La morte, estrema chance per esser letti©

La morte, estrema chance per esser letti©

Di Annamaria Bortolan©

“Lingualuna”, mixed media on paper, 42 x 30 cm. by Mary Blindflowers©

 

C’è un diffuso snobismo per cui gli sia gli autori che pubblicano con piccoli editori che i selfpublishers, non vanno nominati né recensiti da parte di chi scrive per mestiere, sulla stampa di grande tiratura. Questo silenzio motivato dal considerare i self avversari indegni di confronto non sta portando nulla di costruttivo ma rinforza l’idea che nel nostro paese la cultura sia nelle mani di un gruppo di potere che fa capo alle più grandi case editrici, con interessi politici ed economici. O sei sostenuto da un partito, da una parrocchia, da un’insigne parentela e allora sei dentro, altrimenti sei fuori, anche se scrivi da dio (il minuscolo è voluto).
Per contro alcune assurde manovre di marketing operate da alcuni self, e talvolta anche da chi pubblica con piccoli editori, consistenti nel regalare la propria opera, chiedendo ai destinatari del dono una recensione su Amazon, recensioni che paradossalmente non di rado affossano il libro, evidenziando l’impreparazione grammaticale di chi lo ha scritto, non fanno che gettare olio sul fuoco di un contrasto che non pare destinato a sopirsi. Già, perché il libro regalato toglie al lettore la voglia di spendere per leggere. Considerato l’affossamento delle conoscenze di cui l’Italia è maestra, la fascia dei “lettori forti” (tra gli undici e i quattordici anni) sempre più spesso sceglie il self di bassa qualità, quello scadente quanto a stile e zeppo di errori che i ragazzini assimilano, dimenticando anche quelle minime conoscenze grammaticali provenienti dalla scuola dell’obbligo.
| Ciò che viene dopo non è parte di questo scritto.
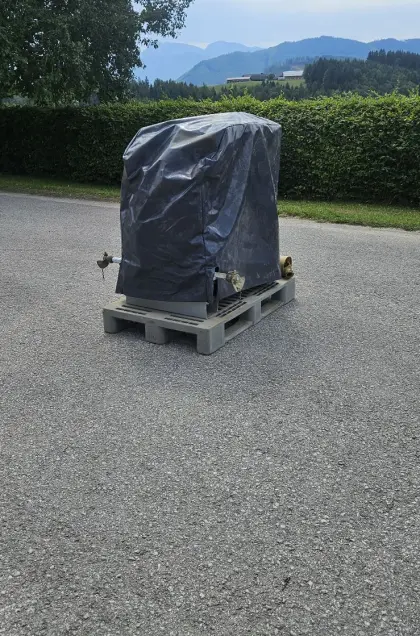 Notstromversorgung Eurosystems AP40TL-IP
Ricordiamo però che vi sono anche molti altri selfpublishers che sanno scrivere, che hanno una buona cultura di base se non addirittura specialistica ma che non riescono ad emergere data la povertà culturale dilagante. Eppure basterebbe che i lettori andassero a leggere quello che l’autore posta sulla sua pagina Facebook per valutare se è in grado di scrivere oppure no. Ma niente da fare: troppo difficile se per primi non si è in grado di decodificare quanto viene scritto.
D’altra parte chi scrive molto bene ma, nonostante tutti i suoi sforzi non riesce ad arrivare al grande editore, si ritrova per forza di cose trascinato nel selfpublishing o firma un contratto con qualche piccola casa editrice. E magari si accorge che, tempo dopo che il suo libro è uscito, qualche autore noto ha pubblicato un romanzo che segue lo stesso andamento del suo, ripercorrendo le sue stesse tematiche. Certo, ci sono molti altri testi che affrontano quegli stessi argomenti, non è detto che vi sia stata una copiatura, ma dov’è il problema se nessuno ha parlato di plagio ma solo di somiglianze? E quindi lo fa notare, ingenuamente chiede, ottenendo solo attacchi risentiti nei confronti di un pezzo pubblicato da una nota blogger che, avendo letto entrambi i volumi, ha detto la sua, a differenza della parte avversa che ha dimostrato di non aver letto nemmeno una riga del testo redatto dall’autore non famoso. Evidentemente ciò che non entra a far parte di un certo circuito commerciale non va preso in considerazione, nemmeno per valutare una questione di un certo peso. È accaduto di recente e non faccio nomi onde evitare di risollevare un polverone che è via via andato assumendo toni sempre più squallidi, concludendosi addirittura con l’invito al suicidio dello scrittore misconosciuto da parte di un autore-giornalista della grossa editoria. Perché i romanzi postumi sono valutati diversamente e la morte appare come l’estrema chance perché siano letti, è stato detto.
O basterebbe la tessera di un partito, il compiacimento di una parrocchia, una parentela di un certo peso?